Padahal, Dewan Kesenian Riau bukan sekadar lembaga formal. Ia seharusnya menjadi rumah besar bagi para seniman, budayawan, dan kreator lokal untuk bertukar gagasan, mencipta karya, serta memperkuat identitas budaya Melayu yang menjadi fondasi historis dan spiritual Riau. Sayangnya, peran strategis ini belum tergarap optimal. Ada, namun belum optimal.
Revitalisasi yang Mendesak
Urgensi untuk menggairahkan kembali DKR bukan hanya soal kelembagaan, tapi menyangkut masa depan kreativitas di provinsi ini. Tanpa wadah yang aktif dan inklusif, para seniman dan budayawan kehilangan arah dan ruang ekspresi. Banyak talenta muda memilih merantau ke provinsi lain karena merasa tidak mendapatkan dukungan di tanah sendiri.
Revitalisasi DKR perlu dimulai dari pembenahan struktur, pendanaan, hingga pola komunikasi dengan komunitas kreatif. DKR harus diisi oleh orang-orang yang memiliki rekam jejak di bidang seni dan budaya, bukan sekadar “penitipan” politik atau birokratisasi seni.
Program-programnya harus menyentuh kebutuhan riil seniman: ruang kreatif, akses ke pameran dan pertunjukan, hingga jejaring nasional dan internasional.
Menjadi Jembatan antara Tradisi dan Inovasi
Di era digital, DKR juga memiliki tantangan baru: bagaimana merangkul inovasi tanpa kehilangan akar budaya Melayu. Ini bisa dimulai dengan mendukung program-program yang mengawinkan teknologi dengan kesenian tradisional, seperti pertunjukan teater digital, pameran seni virtual, atau festival budaya berbasis media sosial.

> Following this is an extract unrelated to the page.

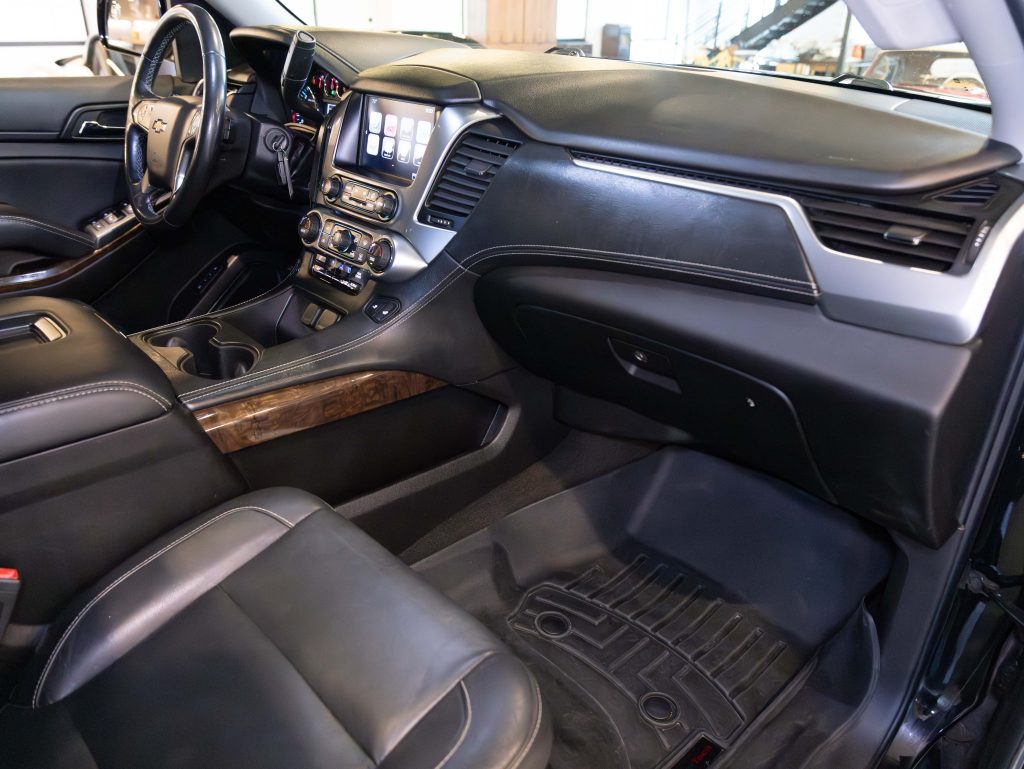 Interior of a car showing the dashboard, touchscreen, steering wheel, leather seats, and wood accents. - Monarch Showroom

Dewan Kesenian juga bisa menjadi katalisator lahirnya kurator-kurator muda, penulis naskah lokal, hingga komunitas film independen yang mengangkat narasi Melayu dari perspektif kekinian. Dengan demikian, Riau bukan hanya melestarikan budaya, tapi juga menciptakan masa depan kebudayaan.
Perlu Dukungan Pemerintah dan Swasta
Menghidupkan kembali DKR tentu tidak bisa dilakukan sendiri. Pemerintah provinsi perlu menjadikan kebudayaan sebagai agenda utama pembangunan manusia. Ini bukan soal romantisme, tapi bagian dari membangun identitas dan kebanggaan daerah.
Dunia usaha juga perlu dilibatkan dalam ekosistem ini, melalui skema pendanaan, sponsor, dan tanggung jawab sosial (CSR) yang berbasis kebudayaan.
Sudah saatnya Dewan Kesenian Riau tidak lagi menjadi nama kosong di atas kertas. Ia harus menjelma menjadi ruang yang hidup, bergairah, dan terbuka.
Sebab di tangan seniman dan budayawan yang terfasilitasi dengan baik, Riau tidak hanya dikenal sebagai tanah minyak, tapi juga sebagai mercusuar peradaban Melayu di Nusantara. *
Penulis adalah coach dan trainer nasional, pernah 3 periode menjabat anggota DPRD kabupaten Bengkalis.